Stored data entries:

****************

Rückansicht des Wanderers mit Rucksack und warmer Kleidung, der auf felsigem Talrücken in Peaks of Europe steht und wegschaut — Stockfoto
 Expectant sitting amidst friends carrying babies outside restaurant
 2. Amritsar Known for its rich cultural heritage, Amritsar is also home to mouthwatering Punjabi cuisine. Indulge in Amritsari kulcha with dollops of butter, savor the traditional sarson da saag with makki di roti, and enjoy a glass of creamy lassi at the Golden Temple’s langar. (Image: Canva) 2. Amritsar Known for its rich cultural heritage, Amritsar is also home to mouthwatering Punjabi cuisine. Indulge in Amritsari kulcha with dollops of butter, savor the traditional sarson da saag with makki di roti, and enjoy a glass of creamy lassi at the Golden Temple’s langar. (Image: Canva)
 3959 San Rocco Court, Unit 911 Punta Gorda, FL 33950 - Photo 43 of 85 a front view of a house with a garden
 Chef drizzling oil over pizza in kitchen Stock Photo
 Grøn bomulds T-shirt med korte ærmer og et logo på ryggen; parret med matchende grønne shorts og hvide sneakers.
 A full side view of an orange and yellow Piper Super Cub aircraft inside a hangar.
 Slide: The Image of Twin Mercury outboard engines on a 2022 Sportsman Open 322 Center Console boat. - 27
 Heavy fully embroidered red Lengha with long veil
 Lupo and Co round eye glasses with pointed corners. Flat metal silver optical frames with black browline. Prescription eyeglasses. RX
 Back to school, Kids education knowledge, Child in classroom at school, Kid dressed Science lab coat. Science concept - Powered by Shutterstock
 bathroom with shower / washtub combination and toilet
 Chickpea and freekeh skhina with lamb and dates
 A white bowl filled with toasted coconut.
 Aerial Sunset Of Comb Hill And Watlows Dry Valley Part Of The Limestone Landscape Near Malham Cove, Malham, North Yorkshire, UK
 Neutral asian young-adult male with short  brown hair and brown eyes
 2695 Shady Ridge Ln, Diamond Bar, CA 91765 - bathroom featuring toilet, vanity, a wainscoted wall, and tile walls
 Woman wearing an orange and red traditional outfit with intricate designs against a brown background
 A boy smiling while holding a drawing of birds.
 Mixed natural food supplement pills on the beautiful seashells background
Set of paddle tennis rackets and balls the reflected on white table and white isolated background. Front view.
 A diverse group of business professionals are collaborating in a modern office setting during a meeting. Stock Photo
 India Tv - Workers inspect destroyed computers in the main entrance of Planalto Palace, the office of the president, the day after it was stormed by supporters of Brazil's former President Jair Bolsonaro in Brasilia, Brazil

****************

REQUIREMENT: An exact copy of the lines above between the line holding "Chef drizzling oil" and the line holding "Mixed natural food", inclusive, is the whole answer.

SOLUTION TO THE PROBLEM:
 Chef drizzling oil over pizza in kitchen Stock Photo
 Grøn bomulds T-shirt med korte ærmer og et logo på ryggen; parret med matchende grønne shorts og hvide sneakers.
 A full side view of an orange and yellow Piper Super Cub aircraft inside a hangar.
 Slide: The Image of Twin Mercury outboard engines on a 2022 Sportsman Open 322 Center Console boat. - 27
 Heavy fully embroidered red Lengha with long veil
 Lupo and Co round eye glasses with pointed corners. Flat metal silver optical frames with black browline. Prescription eyeglasses. RX
 Back to school, Kids education knowledge, Child in classroom at school, Kid dressed Science lab coat. Science concept - Powered by Shutterstock
 bathroom with shower / washtub combination and toilet
 Chickpea and freekeh skhina with lamb and dates
 A white bowl filled with toasted coconut.
 Aerial Sunset Of Comb Hill And Watlows Dry Valley Part Of The Limestone Landscape Near Malham Cove, Malham, North Yorkshire, UK
 Neutral asian young-adult male with short  brown hair and brown eyes
 2695 Shady Ridge Ln, Diamond Bar, CA 91765 - bathroom featuring toilet, vanity, a wainscoted wall, and tile walls
 Woman wearing an orange and red traditional outfit with intricate designs against a brown background
 A boy smiling while holding a drawing of birds.
 Mixed natural food supplement pills on the beautiful seashells background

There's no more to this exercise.